"""
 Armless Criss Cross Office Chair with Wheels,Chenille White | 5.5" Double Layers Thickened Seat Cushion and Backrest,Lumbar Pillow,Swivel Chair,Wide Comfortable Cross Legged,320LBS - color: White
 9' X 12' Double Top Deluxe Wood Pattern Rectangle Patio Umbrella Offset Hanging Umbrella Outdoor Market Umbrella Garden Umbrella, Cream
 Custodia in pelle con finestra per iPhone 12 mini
"""
"""
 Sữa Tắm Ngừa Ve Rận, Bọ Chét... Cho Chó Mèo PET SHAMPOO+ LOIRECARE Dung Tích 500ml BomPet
"""
"""
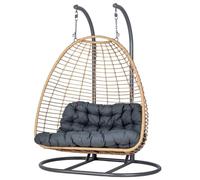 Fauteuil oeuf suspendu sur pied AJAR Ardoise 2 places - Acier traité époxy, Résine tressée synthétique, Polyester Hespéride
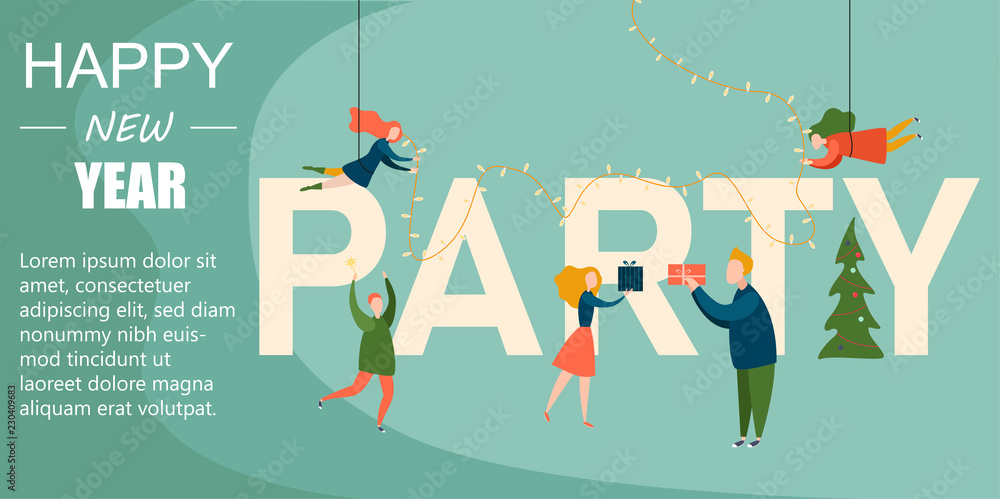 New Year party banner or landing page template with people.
"""
- [Your instructions]: The lines above starting at the one that contains "9' X 12' Double" and ending at the one that contains "Custodia in pelle" must be transcribed exactly, and no other lines may appear.

- [Result of the exercise]:
 9' X 12' Double Top Deluxe Wood Pattern Rectangle Patio Umbrella Offset Hanging Umbrella Outdoor Market Umbrella Garden Umbrella, Cream
 Custodia in pelle con finestra per iPhone 12 mini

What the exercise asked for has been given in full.